Em defesa dos britânicos, acho mais provável que o termo tenha aparecido primeiro em inglês do que em alemão. O alemão só se tornou língua filosófica na época do Kant, uns bons 60 anos depois do Locke, que já usava self-evident. Leibniz, além de ligeiramente posterior a Locke, escreveu em francês e sobretudo latim. A pista é Descartes, mas aí já estamos no latim e no francês, que aliás podem nos levar até mais diretamente ao que estamos procurando.


----------



## Vanda

Pronto! Resolvido:
self-evident (adj.) 


1680s, from self- + evident. First attested in *Locke's "*Essay Concerning Human Understanding." Related: Self-evidently.

Filosofia, mesmo.


----------



## machadinho

E aqui a fonte primária, livro 4, capítulo 7. Só falta a língua portuguesa cooperar.



> _1. Maxims or axioms are self-evident propositions_. There are a sort of propositions, which, under the name of maxims and axioms, have passed for principles of science, and because they are *self-evident*, have been supposed innate, without that anybody (that I know) ever went about to show the reason and foundation of their clearness or cogency.
> 
> _2. Wherein that self-evidence consists. _ Knowledge, as has been shown, consists in the perception of the agreement or disagreement of ideas. Now, where that agreement or disagreement is perceived immediately by itself, without the intervention or help of any other, there our knowledge is self-evident.
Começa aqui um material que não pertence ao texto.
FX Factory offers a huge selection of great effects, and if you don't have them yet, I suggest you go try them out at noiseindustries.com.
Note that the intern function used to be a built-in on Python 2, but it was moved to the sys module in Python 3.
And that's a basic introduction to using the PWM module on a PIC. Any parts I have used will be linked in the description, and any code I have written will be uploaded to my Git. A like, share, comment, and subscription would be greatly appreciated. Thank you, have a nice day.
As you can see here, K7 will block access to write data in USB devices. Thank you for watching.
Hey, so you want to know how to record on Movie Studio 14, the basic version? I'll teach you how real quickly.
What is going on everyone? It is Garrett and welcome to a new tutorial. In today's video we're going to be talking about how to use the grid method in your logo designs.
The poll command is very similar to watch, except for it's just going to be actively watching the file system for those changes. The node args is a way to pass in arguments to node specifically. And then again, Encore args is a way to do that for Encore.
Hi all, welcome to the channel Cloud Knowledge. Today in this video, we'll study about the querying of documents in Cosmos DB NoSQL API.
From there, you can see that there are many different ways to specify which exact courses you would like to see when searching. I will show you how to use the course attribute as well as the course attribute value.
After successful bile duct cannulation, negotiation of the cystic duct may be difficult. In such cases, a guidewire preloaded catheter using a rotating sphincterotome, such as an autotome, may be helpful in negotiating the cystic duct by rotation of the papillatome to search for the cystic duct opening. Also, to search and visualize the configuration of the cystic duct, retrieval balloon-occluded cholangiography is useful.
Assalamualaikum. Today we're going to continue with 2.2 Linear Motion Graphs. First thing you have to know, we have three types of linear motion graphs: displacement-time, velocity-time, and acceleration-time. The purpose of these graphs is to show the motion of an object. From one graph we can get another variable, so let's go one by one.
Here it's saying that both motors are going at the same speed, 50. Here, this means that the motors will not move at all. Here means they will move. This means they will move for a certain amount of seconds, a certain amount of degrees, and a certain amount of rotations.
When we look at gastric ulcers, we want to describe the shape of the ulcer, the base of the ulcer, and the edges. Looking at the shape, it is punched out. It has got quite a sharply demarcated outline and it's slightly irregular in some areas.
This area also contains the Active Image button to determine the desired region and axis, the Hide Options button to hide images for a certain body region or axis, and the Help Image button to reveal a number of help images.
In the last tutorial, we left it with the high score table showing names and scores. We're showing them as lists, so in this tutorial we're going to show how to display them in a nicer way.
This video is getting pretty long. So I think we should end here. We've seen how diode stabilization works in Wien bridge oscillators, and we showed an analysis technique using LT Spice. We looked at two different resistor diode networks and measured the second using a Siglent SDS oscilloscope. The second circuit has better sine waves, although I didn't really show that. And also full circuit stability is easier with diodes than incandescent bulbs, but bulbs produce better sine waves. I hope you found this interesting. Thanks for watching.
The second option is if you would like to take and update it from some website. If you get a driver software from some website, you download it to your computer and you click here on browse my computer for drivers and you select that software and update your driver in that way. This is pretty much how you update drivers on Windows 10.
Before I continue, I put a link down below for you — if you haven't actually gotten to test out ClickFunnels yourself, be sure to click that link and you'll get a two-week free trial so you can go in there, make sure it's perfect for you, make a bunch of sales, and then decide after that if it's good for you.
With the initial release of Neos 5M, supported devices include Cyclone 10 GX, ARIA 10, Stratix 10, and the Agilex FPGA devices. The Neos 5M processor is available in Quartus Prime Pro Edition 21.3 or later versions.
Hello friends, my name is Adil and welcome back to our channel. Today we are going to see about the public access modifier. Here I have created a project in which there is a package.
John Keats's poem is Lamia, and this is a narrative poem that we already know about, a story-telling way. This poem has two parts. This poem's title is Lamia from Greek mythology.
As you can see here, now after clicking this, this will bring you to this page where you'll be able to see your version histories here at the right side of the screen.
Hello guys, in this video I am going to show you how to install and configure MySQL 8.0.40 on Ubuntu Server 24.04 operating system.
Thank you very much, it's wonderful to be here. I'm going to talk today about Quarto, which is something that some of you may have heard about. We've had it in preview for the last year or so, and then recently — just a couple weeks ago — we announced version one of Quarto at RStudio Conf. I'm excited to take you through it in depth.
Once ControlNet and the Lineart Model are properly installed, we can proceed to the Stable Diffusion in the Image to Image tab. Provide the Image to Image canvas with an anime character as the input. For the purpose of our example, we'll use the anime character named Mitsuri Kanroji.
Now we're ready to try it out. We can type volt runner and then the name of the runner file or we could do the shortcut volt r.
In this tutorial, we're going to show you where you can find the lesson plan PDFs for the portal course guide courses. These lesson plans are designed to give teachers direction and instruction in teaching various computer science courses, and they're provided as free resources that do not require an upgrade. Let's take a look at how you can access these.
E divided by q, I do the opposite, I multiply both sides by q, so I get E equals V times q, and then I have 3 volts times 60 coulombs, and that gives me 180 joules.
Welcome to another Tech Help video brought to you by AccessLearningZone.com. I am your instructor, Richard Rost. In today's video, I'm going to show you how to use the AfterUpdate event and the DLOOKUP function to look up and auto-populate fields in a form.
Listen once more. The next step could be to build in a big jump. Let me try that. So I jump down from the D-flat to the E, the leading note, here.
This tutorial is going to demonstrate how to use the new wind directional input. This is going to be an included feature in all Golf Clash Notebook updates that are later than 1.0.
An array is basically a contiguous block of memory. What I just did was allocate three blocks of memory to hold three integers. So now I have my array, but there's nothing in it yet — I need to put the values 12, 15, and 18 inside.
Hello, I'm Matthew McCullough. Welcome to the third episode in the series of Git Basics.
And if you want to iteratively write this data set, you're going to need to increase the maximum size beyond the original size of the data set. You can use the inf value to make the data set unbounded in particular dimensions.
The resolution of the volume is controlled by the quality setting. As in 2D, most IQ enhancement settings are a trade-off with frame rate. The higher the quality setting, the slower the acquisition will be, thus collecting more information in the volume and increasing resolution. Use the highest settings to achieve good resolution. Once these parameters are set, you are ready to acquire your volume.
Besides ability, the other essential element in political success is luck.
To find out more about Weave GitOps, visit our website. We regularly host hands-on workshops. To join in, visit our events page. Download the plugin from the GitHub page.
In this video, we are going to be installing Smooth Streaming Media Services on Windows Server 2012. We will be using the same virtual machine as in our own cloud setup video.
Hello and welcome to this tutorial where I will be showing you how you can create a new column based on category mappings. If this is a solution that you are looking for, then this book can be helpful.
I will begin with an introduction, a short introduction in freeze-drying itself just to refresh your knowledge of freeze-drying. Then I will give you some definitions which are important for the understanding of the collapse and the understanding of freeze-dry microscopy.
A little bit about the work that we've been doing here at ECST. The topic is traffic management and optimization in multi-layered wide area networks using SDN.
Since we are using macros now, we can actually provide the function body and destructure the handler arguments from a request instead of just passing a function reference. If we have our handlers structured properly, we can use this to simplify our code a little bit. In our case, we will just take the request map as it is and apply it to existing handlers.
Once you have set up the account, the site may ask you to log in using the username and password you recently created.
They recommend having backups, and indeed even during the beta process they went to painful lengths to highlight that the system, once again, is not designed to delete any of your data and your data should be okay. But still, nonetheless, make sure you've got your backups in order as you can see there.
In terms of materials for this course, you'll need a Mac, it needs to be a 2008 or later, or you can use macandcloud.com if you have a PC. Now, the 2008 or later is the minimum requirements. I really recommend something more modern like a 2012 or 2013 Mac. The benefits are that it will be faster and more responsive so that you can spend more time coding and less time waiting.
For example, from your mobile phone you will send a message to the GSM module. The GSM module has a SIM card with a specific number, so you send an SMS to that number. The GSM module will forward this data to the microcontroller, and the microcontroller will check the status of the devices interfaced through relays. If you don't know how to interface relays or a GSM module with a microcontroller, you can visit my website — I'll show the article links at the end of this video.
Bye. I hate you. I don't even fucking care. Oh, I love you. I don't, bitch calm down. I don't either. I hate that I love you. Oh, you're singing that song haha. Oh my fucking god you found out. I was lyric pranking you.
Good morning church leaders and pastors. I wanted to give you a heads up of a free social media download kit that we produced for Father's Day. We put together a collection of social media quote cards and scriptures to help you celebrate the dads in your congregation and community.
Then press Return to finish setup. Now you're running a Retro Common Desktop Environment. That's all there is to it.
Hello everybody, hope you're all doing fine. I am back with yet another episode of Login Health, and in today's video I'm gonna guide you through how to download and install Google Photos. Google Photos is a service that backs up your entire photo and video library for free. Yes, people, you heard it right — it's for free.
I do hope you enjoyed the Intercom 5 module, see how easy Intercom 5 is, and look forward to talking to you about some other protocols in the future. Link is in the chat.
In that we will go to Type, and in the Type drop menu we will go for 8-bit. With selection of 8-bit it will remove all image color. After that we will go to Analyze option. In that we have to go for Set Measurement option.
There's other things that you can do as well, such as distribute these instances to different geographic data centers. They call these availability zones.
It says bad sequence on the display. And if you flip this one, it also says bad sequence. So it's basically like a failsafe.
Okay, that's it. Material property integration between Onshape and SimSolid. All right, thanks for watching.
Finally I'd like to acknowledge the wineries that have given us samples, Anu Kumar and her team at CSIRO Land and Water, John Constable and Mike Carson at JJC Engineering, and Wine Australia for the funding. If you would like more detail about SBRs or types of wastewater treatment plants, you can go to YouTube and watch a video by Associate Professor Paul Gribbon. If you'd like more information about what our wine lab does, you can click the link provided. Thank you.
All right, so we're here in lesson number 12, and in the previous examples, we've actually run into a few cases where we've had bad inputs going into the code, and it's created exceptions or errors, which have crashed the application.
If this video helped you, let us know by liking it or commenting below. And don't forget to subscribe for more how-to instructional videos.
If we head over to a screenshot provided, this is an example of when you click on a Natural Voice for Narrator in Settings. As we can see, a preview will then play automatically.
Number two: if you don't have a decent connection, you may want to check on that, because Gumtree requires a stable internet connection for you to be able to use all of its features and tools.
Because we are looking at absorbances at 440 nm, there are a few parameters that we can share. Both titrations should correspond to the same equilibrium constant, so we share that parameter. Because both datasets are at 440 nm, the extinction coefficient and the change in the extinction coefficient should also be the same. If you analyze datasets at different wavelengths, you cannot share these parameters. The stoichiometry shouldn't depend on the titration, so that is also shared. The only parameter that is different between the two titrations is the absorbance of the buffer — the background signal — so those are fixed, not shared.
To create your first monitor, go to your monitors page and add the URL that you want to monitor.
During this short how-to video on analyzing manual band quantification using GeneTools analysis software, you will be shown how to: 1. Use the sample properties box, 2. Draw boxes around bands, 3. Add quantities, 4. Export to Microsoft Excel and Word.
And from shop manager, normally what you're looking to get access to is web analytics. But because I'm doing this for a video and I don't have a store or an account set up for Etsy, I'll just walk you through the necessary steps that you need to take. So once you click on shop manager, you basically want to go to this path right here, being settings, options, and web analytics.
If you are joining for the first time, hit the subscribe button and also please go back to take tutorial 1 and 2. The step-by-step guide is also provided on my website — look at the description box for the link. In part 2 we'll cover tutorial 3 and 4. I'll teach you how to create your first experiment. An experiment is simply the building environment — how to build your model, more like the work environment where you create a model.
This will appear to be so to any who will but consider any of those propositions which, *without any proof*, he assents to at first sight: for in all of them he will find that the reason of his assent is from that agreement or disagreement which the mind, by an immediate comparing them, finds in those ideas answering the affirmation or negation in the proposition.


----------